I was talking with a friend the other day about another friend. You could call it gossip, but I wouldn't for two simple reasons. First, we were talking about how my friend interacts with her friend, and second, it wasn't in any way negative about the friend's friend.

If you understand that, good for you. I'm not sure if I do myself.

Anyways, we were talking, and the subject of denial was brought up. Maybe it's because I've been in denial myself recently, or maybe because we were talking about it so recently, but I've been thinking about denial a lot.

This is how I figure it. Denial is not acknowledging that a problem exists, but in order for someone to be in denial, there needs to be a problem. It can be one you've observed for yourself, or it could be brought to your attention by someone else. But it has to exist, and the issue has to have been raised for denial to occur. Otherwise, it's just oblivion.

Did that make sense? I'll try it again.

Say someone has the problem of being an obsessive, compulsive neat freak, to the point of alienating others. Oblivion is when this OCD person doesn't realize that the neat freakiness of his or her personality is driving others away. Denial is when the person has realized for themselves or had it presented to them as the reason they have no friends. Capische?

Denial doesn't say "there is no problem." Denial says "this may be a problem, but I really don't want it to be." It's cowardly, in a way. Rather than confronting issues and challenges head-on, a person in denial subscribes to the ostriches' philosophy: If I don't see it, it doesn't exist. Denial is complacency, comfortableness with the status quo.

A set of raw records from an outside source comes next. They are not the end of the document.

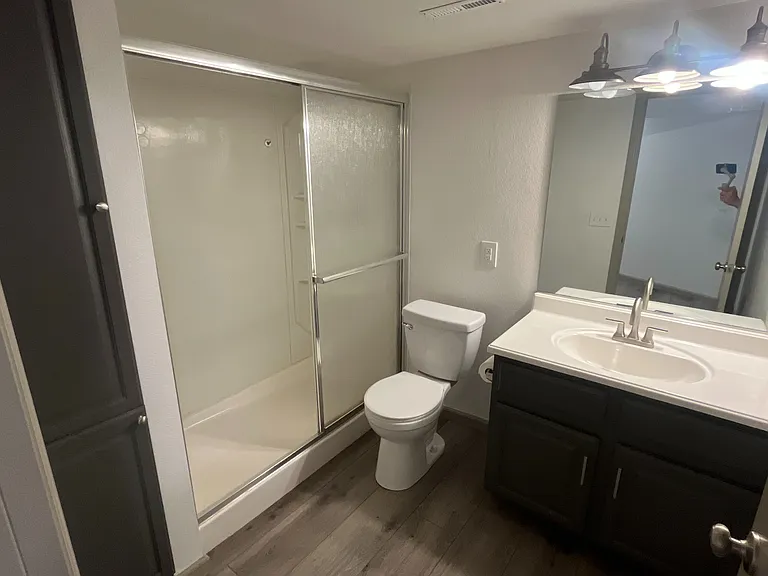 317 Victoria St — Photo 34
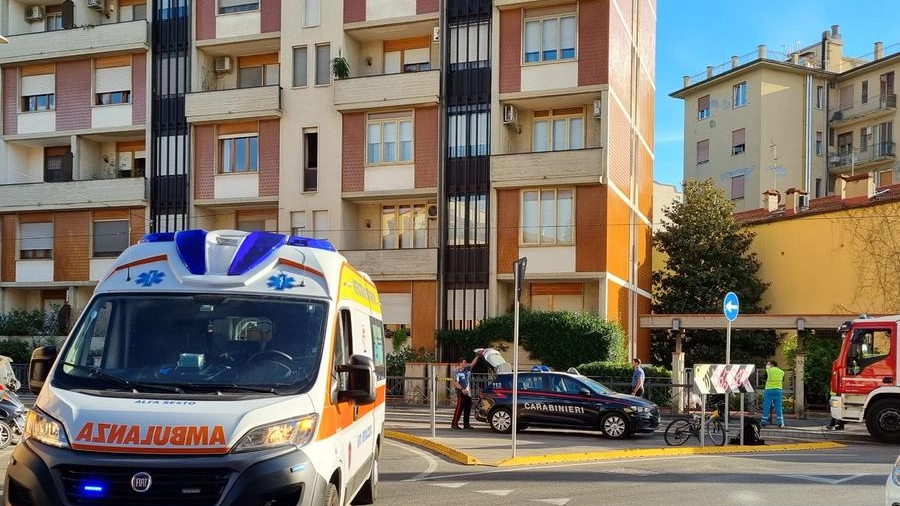 L'intervento di ambulanze e carabinieri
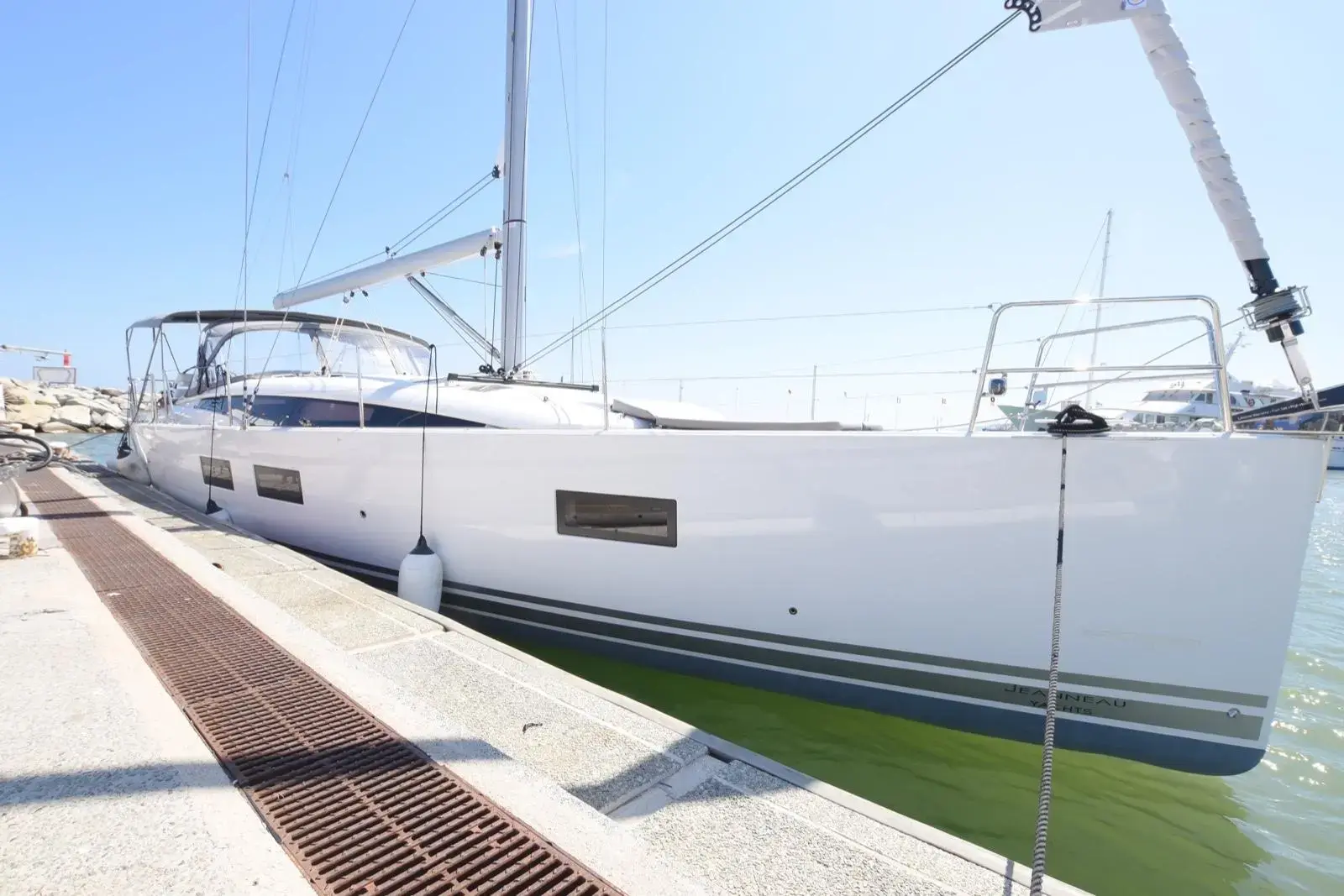 Jeanneau 51 for sale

Well, sticking your head in the ground doesn't solve anything. And to be quite frank, the world is changing every second. The Future is being converted into the Past as the present rips away Now before we know it. Peter Pan is the hero most to be pitied, for he can never change who he is. And denying that a problem exist denies changes which are omnipresent.

Denial isn't oblivion. It's a choice; a conscious, active choice to ignore the state of the world around you. And if I indulge that decision, I'm no better than a traitor to reality.